▶ _MATERIALS PROVIDED_
= = =

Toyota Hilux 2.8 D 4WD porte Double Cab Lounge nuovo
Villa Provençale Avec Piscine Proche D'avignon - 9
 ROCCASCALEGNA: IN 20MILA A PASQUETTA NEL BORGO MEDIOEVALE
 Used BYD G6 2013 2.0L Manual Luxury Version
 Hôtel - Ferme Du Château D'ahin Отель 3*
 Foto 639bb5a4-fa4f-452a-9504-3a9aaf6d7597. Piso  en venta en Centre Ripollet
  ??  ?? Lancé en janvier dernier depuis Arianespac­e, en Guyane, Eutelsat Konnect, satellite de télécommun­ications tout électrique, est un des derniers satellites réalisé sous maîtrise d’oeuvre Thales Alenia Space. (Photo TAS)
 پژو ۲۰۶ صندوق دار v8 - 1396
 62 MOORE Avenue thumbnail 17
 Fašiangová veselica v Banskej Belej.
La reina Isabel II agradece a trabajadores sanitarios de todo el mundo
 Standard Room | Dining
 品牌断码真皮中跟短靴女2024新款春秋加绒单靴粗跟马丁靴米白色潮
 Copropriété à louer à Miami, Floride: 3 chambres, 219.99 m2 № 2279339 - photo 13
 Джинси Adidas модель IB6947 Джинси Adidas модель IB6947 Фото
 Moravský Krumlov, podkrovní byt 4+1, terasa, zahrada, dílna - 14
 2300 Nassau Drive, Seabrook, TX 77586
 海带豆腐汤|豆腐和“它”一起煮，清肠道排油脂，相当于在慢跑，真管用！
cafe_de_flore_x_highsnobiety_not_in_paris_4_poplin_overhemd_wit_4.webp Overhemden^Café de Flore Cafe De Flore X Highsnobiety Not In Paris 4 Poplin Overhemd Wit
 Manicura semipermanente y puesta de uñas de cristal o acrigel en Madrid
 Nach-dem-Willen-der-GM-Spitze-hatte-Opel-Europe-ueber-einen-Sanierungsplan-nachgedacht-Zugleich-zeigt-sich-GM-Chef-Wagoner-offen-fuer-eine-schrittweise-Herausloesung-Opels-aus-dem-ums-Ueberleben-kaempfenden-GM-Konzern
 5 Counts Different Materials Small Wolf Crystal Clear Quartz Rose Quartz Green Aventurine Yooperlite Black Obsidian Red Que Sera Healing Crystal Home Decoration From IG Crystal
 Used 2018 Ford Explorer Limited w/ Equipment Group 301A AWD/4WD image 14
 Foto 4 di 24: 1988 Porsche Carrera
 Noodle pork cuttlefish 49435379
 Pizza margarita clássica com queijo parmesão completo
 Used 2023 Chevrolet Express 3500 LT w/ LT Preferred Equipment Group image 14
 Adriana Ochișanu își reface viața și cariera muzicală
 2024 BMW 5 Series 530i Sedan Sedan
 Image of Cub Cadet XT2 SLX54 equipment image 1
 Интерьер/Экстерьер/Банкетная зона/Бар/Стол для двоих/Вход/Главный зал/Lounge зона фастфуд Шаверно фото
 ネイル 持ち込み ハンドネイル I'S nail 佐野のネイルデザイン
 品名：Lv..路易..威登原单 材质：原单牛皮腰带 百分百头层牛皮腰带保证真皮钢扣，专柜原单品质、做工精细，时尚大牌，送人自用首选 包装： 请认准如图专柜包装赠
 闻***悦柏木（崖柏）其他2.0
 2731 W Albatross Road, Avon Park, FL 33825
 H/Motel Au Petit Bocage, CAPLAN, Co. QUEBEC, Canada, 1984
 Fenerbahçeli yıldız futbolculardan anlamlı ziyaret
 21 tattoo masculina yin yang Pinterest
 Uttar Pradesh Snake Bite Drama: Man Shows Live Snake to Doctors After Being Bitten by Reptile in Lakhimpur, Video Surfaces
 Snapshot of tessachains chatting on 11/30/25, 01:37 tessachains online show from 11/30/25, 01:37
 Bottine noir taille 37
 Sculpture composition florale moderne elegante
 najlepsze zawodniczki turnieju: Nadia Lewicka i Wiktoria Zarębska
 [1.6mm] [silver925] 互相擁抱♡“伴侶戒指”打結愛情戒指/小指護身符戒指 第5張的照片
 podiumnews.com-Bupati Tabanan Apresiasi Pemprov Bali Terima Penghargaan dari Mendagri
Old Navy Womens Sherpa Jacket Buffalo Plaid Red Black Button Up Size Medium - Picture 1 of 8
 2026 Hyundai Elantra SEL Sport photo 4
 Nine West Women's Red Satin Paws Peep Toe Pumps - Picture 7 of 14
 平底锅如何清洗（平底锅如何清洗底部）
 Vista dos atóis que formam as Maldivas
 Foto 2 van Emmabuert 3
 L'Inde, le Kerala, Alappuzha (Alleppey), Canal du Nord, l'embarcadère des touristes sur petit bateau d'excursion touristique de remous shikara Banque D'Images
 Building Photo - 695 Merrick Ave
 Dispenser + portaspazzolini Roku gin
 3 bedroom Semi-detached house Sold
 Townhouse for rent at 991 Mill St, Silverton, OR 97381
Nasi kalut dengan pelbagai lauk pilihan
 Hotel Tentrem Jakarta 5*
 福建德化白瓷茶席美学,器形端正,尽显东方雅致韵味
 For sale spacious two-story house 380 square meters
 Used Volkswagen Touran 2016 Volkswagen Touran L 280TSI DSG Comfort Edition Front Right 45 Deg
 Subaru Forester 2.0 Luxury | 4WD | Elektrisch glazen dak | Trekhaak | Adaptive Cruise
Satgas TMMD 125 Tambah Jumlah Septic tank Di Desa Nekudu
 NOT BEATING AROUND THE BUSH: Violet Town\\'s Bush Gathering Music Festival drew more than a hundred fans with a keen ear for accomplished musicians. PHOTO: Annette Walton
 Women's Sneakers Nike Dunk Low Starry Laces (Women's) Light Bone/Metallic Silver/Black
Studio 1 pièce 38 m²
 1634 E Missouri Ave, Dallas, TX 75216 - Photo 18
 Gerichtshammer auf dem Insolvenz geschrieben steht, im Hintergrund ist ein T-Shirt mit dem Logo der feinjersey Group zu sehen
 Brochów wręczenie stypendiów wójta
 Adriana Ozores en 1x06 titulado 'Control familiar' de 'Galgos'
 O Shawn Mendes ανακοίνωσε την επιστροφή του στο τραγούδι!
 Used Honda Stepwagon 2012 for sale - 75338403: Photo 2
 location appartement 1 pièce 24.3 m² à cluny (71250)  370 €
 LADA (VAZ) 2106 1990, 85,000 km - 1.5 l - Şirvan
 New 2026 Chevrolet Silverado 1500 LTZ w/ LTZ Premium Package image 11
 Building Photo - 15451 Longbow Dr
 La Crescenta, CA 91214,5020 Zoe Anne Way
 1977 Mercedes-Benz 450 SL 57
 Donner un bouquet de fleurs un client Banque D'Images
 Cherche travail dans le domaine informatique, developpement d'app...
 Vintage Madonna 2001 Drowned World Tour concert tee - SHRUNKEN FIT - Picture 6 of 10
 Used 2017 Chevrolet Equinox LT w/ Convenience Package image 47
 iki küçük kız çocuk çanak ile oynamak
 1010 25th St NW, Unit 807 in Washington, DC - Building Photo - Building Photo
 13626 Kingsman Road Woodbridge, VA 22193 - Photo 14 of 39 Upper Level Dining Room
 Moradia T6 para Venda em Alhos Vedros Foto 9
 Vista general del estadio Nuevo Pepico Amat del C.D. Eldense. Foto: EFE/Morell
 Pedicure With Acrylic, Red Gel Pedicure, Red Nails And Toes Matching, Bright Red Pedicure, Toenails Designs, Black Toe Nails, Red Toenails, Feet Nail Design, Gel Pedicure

= = =

▶ _WORK TO BE COMPLETED_
Extract exactly and only the lines above from the line containing "Space. (Photo TAS)" through the line containing "Manicura semipermanente y", both end lines included.

▶ _RESPONSE TO THIS EXERCISE_
  ??  ?? Lancé en janvier dernier depuis Arianespac­e, en Guyane, Eutelsat Konnect, satellite de télécommun­ications tout électrique, est un des derniers satellites réalisé sous maîtrise d’oeuvre Thales Alenia Space. (Photo TAS)
 پژو ۲۰۶ صندوق دار v8 - 1396
 62 MOORE Avenue thumbnail 17
 Fašiangová veselica v Banskej Belej.
La reina Isabel II agradece a trabajadores sanitarios de todo el mundo
 Standard Room | Dining
 品牌断码真皮中跟短靴女2024新款春秋加绒单靴粗跟马丁靴米白色潮
 Copropriété à louer à Miami, Floride: 3 chambres, 219.99 m2 № 2279339 - photo 13
 Джинси Adidas модель IB6947 Джинси Adidas модель IB6947 Фото
 Moravský Krumlov, podkrovní byt 4+1, terasa, zahrada, dílna - 14
 2300 Nassau Drive, Seabrook, TX 77586
 海带豆腐汤|豆腐和“它”一起煮，清肠道排油脂，相当于在慢跑，真管用！
cafe_de_flore_x_highsnobiety_not_in_paris_4_poplin_overhemd_wit_4.webp Overhemden^Café de Flore Cafe De Flore X Highsnobiety Not In Paris 4 Poplin Overhemd Wit
 Manicura semipermanente y puesta de uñas de cristal o acrigel en Madrid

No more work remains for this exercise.